Alih-alih mendapatkan perlindungan hukum, Gasali justru ditetapkan sebagai tersangka oleh penyidik Polres Palopo, sebuah langkah yang memantik gelombang kritik dan kecaman.
Merespons kondisi ini, Tim Kuasa Hukum dari Yayasan Bantuan Hukum (YBH) Wija Luwu resmi melaporkan penyidik Polres Palopo ke Propam Polres Palopo pada Kamis, 17 Juli 2025.
Mereka menilai penyidik telah bertindak tidak profesional dan menyimpang dari prosedur hukum.
Ketua YBH Wija Luwu, Akbar dalam keterangannya menyebutkan bahwa laporan ini bukan tanpa dasar.

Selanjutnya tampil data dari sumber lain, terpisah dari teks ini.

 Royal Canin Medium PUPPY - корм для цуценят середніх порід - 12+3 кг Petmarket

Menurutnya, terdapat banyak kejanggalan dalam penanganan kasus terutama terkait penetapan status tersangka terhadap klien mereka yang justru menjadi korban dalam insiden tersebut.
“Klien kami adalah korban, bukan pelaku. Ia seharusnya dilindungi hukum, bukan dikriminalisasi,” tegas Akbar kepada jarirakyat.com, Jumat pagi (18/07/2025)

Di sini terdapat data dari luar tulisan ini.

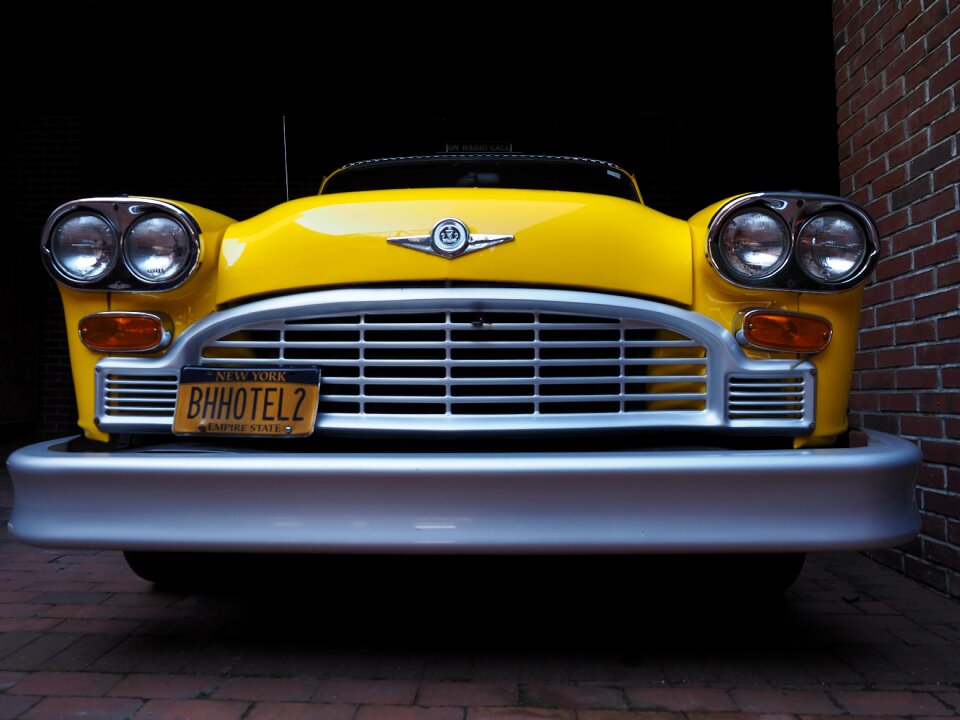 Vintage car vintage taxi travel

Tak berhenti di situ, tim hukum juga menggugat penyidik melalui praperadilan sebagai bentuk perlawanan atas dugaan penetapan tersangka yang dinilai cacat prosedur.

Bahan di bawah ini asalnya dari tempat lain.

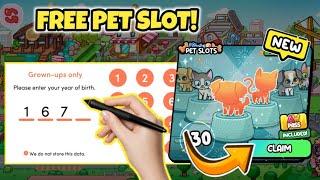 UNLOCK PET MAKER SLOTS! AVATAR WORLD FREE PASS!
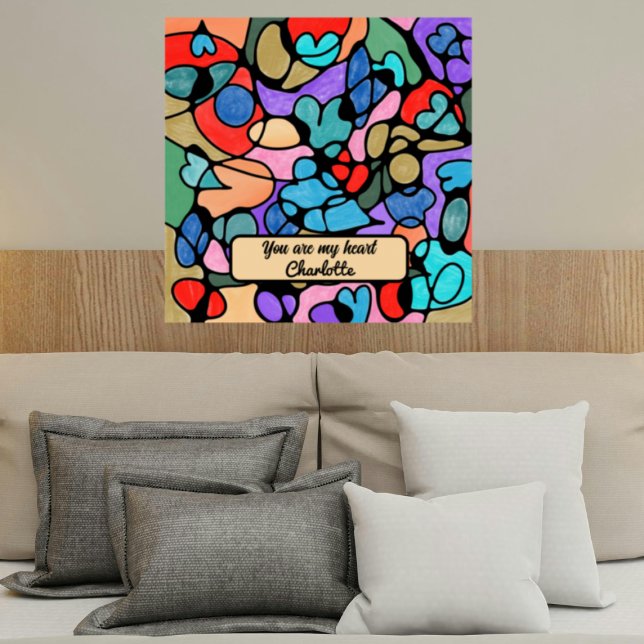 POSTER CORAÇÕES NEUROGRÁFICAS CORES DIGITAIS (Criador carregado)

Tim kuasa hukum lainnya, Muh Ardianto Pallawa, menjelaskan bahwa pada saat peristiwa penganiayaan terjadi, Gasali Mursadin hanya membela diri dari serangan.
“Kita harus objektif, ketika kejadian berlangsung, Gasali dalam posisi terancam dan hanya mencoba bertahan dari serangan. Tapi malah dia yang dijadikan tersangka dengan Pasal 351 tentang penganiayaan. Ini sungguh janggal,” ujar Ardianto.
Ia juga menekankan bahwa tindakan Gasali masuk dalam kategori pembelaan diri yang sah sebagaimana diatur dalam Pasal 48 KUHP yang menyatakan bahwa seseorang tidak dapat dipidana jika melakukan perbuatan karena pembelaan terpaksa untuk melindungi diri dari ancaman nyata.
Kini, semua mata tertuju pada Propam Polres Palopo. Apakah laporan ini akan menjadi awal terbongkarnya dugaan praktik penyimpangan hukum di balik kasus ini, atau justru menambah panjang daftar korban kriminalisasi hukum.
Yang jelas, publik menanti keadilan dan Gasali Mursadin berharap suaranya didengar bukan dibungkam oleh aturan yang tidak adil menurutnya.